Dice Piglia agudamente que "no hay como el latín para calmar los ánimos". Por lo menos se puede intentar, ahora que el proyecto de regulación de las descargas en Internet anunciado o asomado por el Ministerio de Cultura ha puesto el ambiente al rojo vivo, aquello de in medio stat virtus; no para incitar a dejar el asunto en unas estáticas e indefinidas tablas, sino como una manera de subrayar la necesidad de que ambos lados se alejen, en fondo y forma, de su extremo (casi dan ganas de decir de su extremidad, dada la poca cabeza de algunos de los planteamientos implicados). Y se puede imaginar una entrada en materia más desafortunada por parte del ministerio, un abordaje más torpe del asunto, pero cuesta.
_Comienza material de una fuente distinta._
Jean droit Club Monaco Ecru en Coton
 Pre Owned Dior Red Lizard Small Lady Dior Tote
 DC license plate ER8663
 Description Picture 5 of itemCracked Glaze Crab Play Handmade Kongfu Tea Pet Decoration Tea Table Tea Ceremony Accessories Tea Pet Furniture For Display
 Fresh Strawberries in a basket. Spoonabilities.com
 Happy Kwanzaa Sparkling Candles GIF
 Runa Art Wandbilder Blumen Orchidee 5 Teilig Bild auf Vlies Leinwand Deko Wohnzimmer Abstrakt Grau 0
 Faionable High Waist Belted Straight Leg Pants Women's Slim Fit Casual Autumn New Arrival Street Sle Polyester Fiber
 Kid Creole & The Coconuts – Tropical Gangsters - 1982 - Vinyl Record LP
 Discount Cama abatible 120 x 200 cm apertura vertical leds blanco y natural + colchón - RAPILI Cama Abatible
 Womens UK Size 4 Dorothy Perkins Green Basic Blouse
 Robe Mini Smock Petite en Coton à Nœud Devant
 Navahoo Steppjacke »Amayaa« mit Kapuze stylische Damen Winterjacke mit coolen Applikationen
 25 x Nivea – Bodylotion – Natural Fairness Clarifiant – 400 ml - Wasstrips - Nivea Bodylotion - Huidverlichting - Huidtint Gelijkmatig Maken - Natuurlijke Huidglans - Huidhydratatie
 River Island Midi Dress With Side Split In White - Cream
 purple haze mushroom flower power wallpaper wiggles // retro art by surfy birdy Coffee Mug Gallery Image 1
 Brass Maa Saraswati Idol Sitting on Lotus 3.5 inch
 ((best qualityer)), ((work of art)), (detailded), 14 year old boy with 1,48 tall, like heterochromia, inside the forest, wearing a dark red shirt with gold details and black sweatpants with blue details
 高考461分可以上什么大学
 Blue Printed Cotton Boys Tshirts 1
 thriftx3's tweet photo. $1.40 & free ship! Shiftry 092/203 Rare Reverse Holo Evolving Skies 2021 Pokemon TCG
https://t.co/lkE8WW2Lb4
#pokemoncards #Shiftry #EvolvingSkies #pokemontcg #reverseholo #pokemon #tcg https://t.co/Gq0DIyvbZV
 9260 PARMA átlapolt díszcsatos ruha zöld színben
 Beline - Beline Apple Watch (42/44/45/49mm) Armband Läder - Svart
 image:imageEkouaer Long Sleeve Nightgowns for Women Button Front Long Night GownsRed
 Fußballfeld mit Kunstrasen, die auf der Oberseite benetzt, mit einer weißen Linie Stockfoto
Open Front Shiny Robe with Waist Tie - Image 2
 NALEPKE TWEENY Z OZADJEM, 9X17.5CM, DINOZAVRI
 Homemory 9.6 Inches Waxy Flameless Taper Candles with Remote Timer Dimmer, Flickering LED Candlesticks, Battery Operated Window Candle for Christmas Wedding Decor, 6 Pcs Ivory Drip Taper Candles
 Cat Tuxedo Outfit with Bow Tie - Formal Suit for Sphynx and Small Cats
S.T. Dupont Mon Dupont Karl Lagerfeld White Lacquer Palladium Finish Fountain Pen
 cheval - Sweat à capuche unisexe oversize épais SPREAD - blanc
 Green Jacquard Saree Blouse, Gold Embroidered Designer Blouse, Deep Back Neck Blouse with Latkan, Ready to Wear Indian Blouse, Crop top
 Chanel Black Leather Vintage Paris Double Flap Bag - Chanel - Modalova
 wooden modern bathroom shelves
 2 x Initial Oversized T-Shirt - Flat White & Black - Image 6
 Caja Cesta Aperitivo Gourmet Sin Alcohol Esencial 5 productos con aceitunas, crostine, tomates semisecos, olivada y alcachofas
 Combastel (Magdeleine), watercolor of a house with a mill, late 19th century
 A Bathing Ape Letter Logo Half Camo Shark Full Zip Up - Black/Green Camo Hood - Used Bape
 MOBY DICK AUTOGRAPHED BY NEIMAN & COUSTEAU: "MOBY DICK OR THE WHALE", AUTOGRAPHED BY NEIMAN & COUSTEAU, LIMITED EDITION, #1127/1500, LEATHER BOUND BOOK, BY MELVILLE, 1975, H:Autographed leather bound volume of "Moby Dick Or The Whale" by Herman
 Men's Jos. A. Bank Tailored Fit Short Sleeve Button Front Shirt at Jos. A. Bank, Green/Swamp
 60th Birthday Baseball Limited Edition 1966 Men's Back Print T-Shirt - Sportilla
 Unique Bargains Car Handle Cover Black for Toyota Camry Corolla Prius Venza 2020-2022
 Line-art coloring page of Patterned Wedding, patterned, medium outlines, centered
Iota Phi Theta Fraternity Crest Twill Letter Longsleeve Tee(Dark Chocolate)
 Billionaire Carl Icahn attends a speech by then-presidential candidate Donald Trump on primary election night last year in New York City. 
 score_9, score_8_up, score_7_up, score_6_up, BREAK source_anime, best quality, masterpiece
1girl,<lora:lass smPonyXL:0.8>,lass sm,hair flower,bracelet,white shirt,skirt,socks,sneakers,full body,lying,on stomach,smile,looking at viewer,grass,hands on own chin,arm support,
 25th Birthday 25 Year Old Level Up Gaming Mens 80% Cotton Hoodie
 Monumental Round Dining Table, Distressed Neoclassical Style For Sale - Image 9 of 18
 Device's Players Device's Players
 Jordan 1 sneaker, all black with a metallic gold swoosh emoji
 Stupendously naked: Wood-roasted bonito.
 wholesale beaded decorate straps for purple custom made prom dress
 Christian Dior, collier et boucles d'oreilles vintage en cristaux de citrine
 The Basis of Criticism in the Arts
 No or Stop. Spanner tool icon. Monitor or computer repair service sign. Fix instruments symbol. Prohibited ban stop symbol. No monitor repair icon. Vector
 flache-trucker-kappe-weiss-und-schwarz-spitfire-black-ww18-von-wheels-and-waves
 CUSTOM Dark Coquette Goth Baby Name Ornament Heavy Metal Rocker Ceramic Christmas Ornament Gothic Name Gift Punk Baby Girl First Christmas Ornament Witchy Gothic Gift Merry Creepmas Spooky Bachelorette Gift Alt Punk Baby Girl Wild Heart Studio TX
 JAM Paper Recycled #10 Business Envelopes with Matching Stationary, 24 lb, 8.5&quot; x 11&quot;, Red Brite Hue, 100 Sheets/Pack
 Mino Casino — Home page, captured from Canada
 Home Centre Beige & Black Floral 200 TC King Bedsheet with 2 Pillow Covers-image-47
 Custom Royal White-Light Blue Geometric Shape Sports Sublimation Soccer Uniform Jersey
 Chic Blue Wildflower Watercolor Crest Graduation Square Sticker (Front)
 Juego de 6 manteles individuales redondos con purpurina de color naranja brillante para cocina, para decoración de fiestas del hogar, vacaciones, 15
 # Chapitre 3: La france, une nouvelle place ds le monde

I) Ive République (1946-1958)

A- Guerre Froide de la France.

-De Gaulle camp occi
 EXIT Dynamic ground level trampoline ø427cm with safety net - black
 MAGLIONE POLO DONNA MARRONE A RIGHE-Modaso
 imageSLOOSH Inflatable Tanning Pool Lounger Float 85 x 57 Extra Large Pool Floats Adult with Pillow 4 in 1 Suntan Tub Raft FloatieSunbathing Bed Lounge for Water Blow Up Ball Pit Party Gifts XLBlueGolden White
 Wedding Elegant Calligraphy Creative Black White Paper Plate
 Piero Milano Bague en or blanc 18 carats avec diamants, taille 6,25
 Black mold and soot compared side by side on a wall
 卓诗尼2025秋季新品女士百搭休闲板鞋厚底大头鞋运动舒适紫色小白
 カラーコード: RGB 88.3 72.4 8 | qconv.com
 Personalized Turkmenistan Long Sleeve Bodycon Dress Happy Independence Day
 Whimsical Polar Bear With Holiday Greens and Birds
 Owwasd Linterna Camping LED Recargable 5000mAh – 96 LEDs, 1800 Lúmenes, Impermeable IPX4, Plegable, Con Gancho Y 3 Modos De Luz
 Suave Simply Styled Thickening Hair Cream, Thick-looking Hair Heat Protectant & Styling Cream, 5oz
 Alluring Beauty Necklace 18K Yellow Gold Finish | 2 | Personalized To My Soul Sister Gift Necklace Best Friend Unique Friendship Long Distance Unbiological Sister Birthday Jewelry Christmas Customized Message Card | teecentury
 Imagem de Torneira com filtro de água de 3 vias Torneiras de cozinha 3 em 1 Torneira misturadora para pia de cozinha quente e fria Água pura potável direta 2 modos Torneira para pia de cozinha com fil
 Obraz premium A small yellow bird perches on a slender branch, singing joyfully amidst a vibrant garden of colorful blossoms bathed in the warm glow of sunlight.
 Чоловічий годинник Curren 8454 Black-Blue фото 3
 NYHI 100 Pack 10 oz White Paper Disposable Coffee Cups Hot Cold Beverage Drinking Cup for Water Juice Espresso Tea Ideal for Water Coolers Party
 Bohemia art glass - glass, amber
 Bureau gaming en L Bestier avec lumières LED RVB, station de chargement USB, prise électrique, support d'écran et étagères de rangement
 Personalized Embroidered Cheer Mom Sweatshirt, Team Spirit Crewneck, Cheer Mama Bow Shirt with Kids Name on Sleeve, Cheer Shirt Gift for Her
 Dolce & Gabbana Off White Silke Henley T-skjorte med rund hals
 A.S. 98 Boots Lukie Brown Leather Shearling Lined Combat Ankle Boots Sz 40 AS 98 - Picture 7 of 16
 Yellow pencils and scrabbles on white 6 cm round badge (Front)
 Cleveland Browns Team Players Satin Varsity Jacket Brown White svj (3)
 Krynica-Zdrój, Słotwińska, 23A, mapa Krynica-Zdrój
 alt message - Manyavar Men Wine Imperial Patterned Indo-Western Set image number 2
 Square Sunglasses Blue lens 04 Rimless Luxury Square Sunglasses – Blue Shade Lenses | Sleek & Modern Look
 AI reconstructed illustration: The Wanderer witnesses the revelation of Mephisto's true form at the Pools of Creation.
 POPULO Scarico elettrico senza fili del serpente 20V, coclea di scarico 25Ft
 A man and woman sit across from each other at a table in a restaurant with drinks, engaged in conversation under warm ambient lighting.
Creo que se ha intentado surfear sobre la ola creada por otras legislaciones europeas pero sin la debida tabla y sobre todo sin el conocimiento y/o la consideración suficientes del contexto en el que esa norma reguladora deberá aplicarse. España es uno los países donde más y más alegremente han florecido las descargas ilegales. Estamos, como es bien sabido, a la cabeza de Europa en piratería. Es esa cultura la que hay que regular y sobre todo reconducir, reconvertir al respeto por una propiedad intelectual que también debe actualizarse. Y entiendo que al Ministerio debe exigírsele no sólo que presente un proyecto con una argumentación jurídica irreprochable, coherente con nuestras garantías fundamentales, sino además un conjunto de pedagogías y medidas que sirvan para acercar posturas y diseñar nuevos escenarios y espacios de legalización de descargas, para cambiar así la mentalidad de barra libre de la que hoy participan tantos y tantos usuarios de Internet, que no es en absoluto defendible.

"Querer es poder", decía el refrán cuando aún no existían Internet ni Photoshop ni gadgets que copian la intimidad y la creatividad de cualquiera en cualquier parte. Hoy ese inmenso poder no debe traducirse automáticamente por quererlo todo, sino por un equilibrio entre las posibilidades y los límites, como los que marca el respeto por los derechos de autor. Y ese equilibrio pasa, a mi juicio, por la imaginación y el pacto. Imaginación para multiplicar y abaratar en la Red las descargas legales; y para complementar los bienes culturales descargables con otros que vivan (y permitan vivir) fuera del trajín cibernáutico, en la materialidad de otros formatos, de otros escenarios, de otras relaciones de los artistas con su público. El pacto es, como su nombre indica, un compromiso de diseño y respeto de reglas dúctiles -pero reglas- para delimitar esa infinita libertad de juego que es Internet. Hay quien piensa que querer regularla es como pretender ponerle puertas al campo. Al campo no se le pueden ni se le deben poner puertas. Pero sí sendas balizadas que orienten justamente la marcha, que alejen al caminante de los despeñaderos de la propiedad intelectual, de los abismos.